Valencia-Schaake Temporal Disaggregation (Valencia and Schaake 1973)

Type	Parametric
Resolution	Annual to Monthly
Sites	Univariate / Multisite
Class	ValenciaSchaakeDisaggregator

Overview

The Valencia-Schaake method is the foundational parametric temporal disaggregation approach in stochastic hydrology. It disaggregates an aggregate flow volume (e.g., annual total) into sub-period values (e.g., 12 monthly flows) using a linear regression model that preserves the conditional mean and covariance structure of the sub-periods given the aggregate.

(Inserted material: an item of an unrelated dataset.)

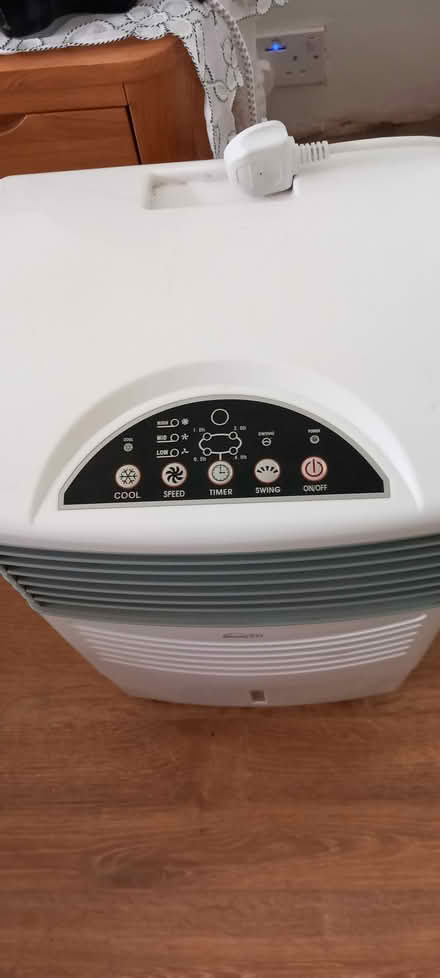 Photo of free MORETTI AC UNIT...fan not working (Rayners Lane HA2) #1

The method models sub-period flows as a multivariate normal distribution conditioned on the known aggregate, then samples from this conditional distribution.

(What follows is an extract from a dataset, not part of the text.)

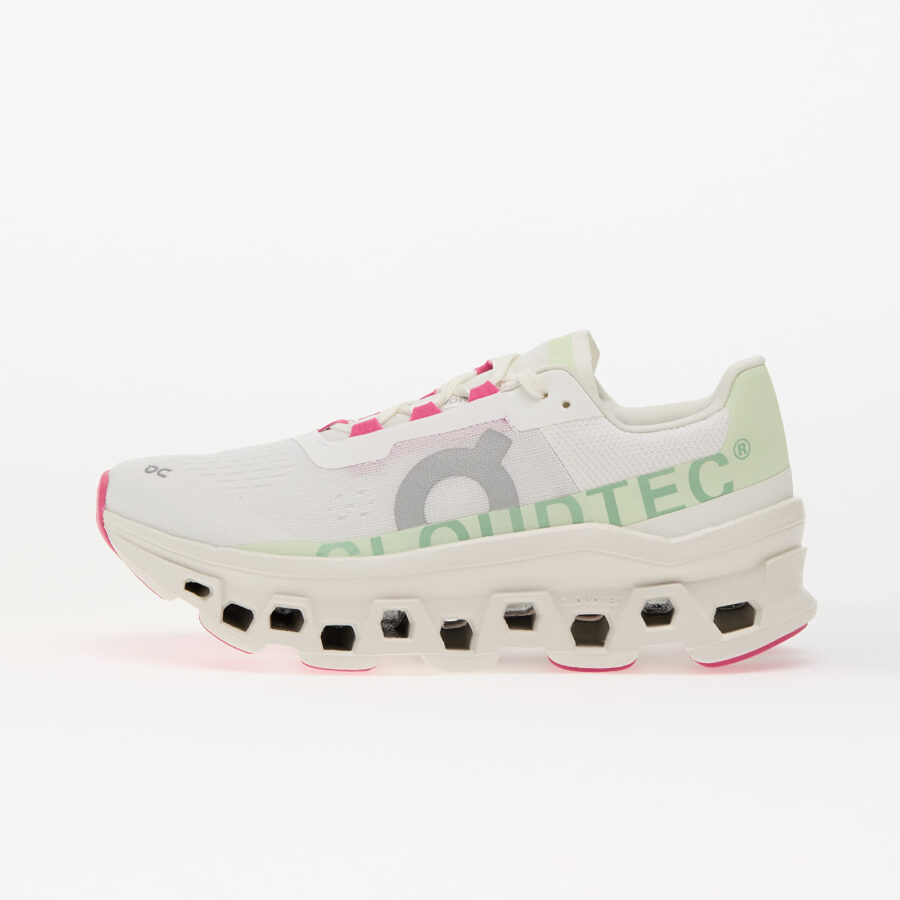 Sneakers On W Cloudmonster White/ Lima EUR 36.5-alacsony-ár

This is the classical baseline against which all subsequent disaggregation methods are compared.

Algorithm

Preprocessing

1. Validate input: observed flows at the finer resolution (e.g., daily or monthly) with DatetimeIndex.
2. Aggregate observed flows to the coarser resolution (e.g., monthly to annual by summation).
3. Organize into matrices: for each year y, form the vector of sub-period flows:

   X_y = [Q_{y,1}, Q_{y,2}, ..., Q_{y,m}]^T
   

   where m is the number of sub-periods (e.g., 12 months).
4. Optional transformation: apply log or Box-Cox transform to improve normality.

Fitting

1. Compute sub-period statistics:
2. Mean vector: mu_X = E[X] (m x 1)
3. Covariance matrix: S_XX = Cov(X, X) (m x m)
4. Compute aggregate statistics:
5. Mean: mu_Y = E[Y] where Y = sum(X)
6. Variance: sigma_Y^2 = Var(Y)
7. Compute cross-covariance between sub-periods and aggregate:

   S_XY = Cov(X, Y) = S_XX * 1_m
   

   where 1_m is an m-vector of ones.
8. Compute regression parameters:
9. Regression coefficients: A = S_XY / sigma_Y^2 (m x 1)
10. Conditional covariance: S_e = S_XX - A * sigma_Y^2 * A^T (m x m)
11. Cholesky decomposition of S_e:

    S_e = C * C^T
    

    If S_e is not positive semi-definite, apply spectral repair (set negative eigenvalues to small positive value).
12. Store mu_X, mu_Y, sigma_Y^2, A, C, and transformation parameters.

Disaggregation

For each synthetic aggregate value Y_syn:

1. Compute conditional mean:

   mu_X|Y = mu_X + A * (Y_syn - mu_Y)
   

2. Sample residuals:

   Z ~ N(0, I_m)
   X_syn = mu_X|Y + C * Z
   

3. Proportional adjustment to enforce consistency (sub-periods sum to aggregate):

   X_adj = X_syn * (Y_syn / sum(X_syn))
   

   Note: This multiplicative adjustment is simple but can distort the conditional covariance. See Grygier-Stedinger (1988) for a more rigorous conservation correction.
4. Inverse transform if log/Box-Cox was applied.
5. Enforce non-negativity: clip to zero.

Parameters

Parameter	Type	Default	Description
Q_obs	pd.Series or pd.DataFrame	-	Observed streamflow at sub-period resolution with DatetimeIndex
n_subperiods	int	12	Number of sub-periods per aggregate period
transform	str	'log'	Transformation before fitting: 'log', 'boxcox', or 'none'
conservation_method	str	'proportional'	Method to enforce sum consistency: 'proportional' or 'none'
name	Optional[str]	None	Optional name identifier for this disaggregator instance
debug	bool	False	Enable debug logging

Properties Preserved

• Conditional mean of sub-periods given aggregate (by construction)
• Conditional covariance structure (via S_e)
• Monthly means and standard deviations (approximately)
• Cross-correlations between sub-periods (via full covariance S_XX)
• Aggregate total (exactly, via proportional adjustment)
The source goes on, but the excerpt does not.